Future Good Jobs: Not About Technology As Much As Corrupt Law And Tax Policy

technologyreview  |  A major question is not whether there will be enough jobs but whether there will be enough good jobs—jobs that provide middle-class earnings, safe working conditions, legal protections, social protections, and benefits (e.g., unemployment and disability benefits, health benefits, family benefits, pensions). The slow growth of pretax incomes for the bottom 50% of earners has been the main driver of increasing income inequality over the past half-century. Access to good jobs—as well as to education and health care, so people have the knowledge and good health required to work—is key to lifting these incomes and making technology-­enabled growth inclusive.

Several types of policies could make good new jobs more likely to be created in the United States. These include taxes on labor and capital that affect business investment decisions; R&D policies that can direct technological change and influence both the pace and extent of new technologies’ adoption by business; training policies that enable workers to gain new skills; direct labor market interventions that provide benefits to temporary and contract workers; and measures that strengthen workers’ voice in business decisions.

Rethink tax policies 

Tax policies influence businesses’ decisions to invest in new production technologies. In the United States and other advanced economies, labor is taxed at a much higher rate than the physical capital and knowledge capital required to produce goods, encouraging investments that use capital and save labor. A reduction in payroll and other employment-related taxes would moderate this bias. So would an increase in taxes on capital, including corporate income. Recently, the US corporate tax rate was cut dramatically. Proponents argued that the cut would increase business investment and that this in turn would increase employment and wages. As technology becomes more labor-saving, however, business investment in physical and knowledge capital becomes less likely to create good jobs, and the new US tax law does nothing to offset that effect. 

Another issue is that as capital has become more mobile across national borders, many multinational companies have been able to make their profits “stateless” for tax purposes by shifting them to locations where they have little or no real economic activity and pay little or no tax. Stateless corporate income erodes the tax base and reduces the capacity of individual countries to raise revenues for infrastructure and social protection programs. It also exacerbates the tax disadvantage of labor, which is far less mobile than capital. In their recent book The Triumph of Injustice: How the Rich Dodge Taxes and How to Make Them Pay, Emmanuel Saez and Gabriel Zucman discuss the consequences of stateless capital income for income inequality and suggest national remedies as stopgap measures in the absence of an international agreement to tax such income. In the long run, given the magnitude of cross-border capital flows, such an agreement is essential

In the US, taxes on capital income should also be increased by raising the rate on capital gains (which are now taxed at a lower rate than personal income) and by eliminating the carried-interest loophole. Both the preferential capital gains rate and the carried-interest feature of current tax law have encouraged technology investments favoring capital and profits over labor and wages. They have also fueled the “financialization” of the US economy and increased income inequality.

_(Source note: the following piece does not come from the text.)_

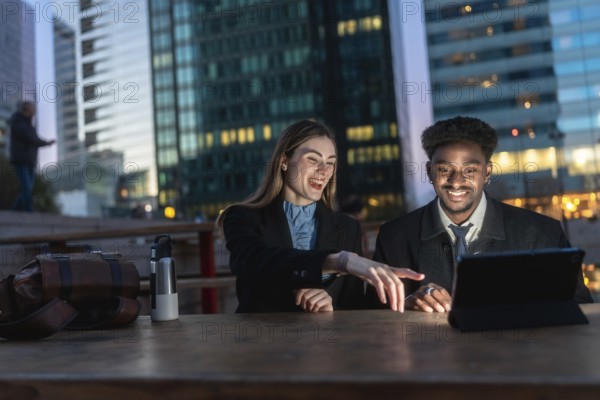 Two diverse business colleagues reviewing content on a digital tablet, discussing and laughing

Reductions in payroll taxes and other direct taxes on labor, even if offset in part by higher taxes on capital, would leave less government revenue available to fund health care, education, and benefits for workers—all key components of good jobs. A national carbon tax should be used to offset this revenue loss. Lower taxes on labor to promote employment, and higher taxes on carbon to discourage carbon use, are a wise recipe for a future of good jobs and a sustainable environment.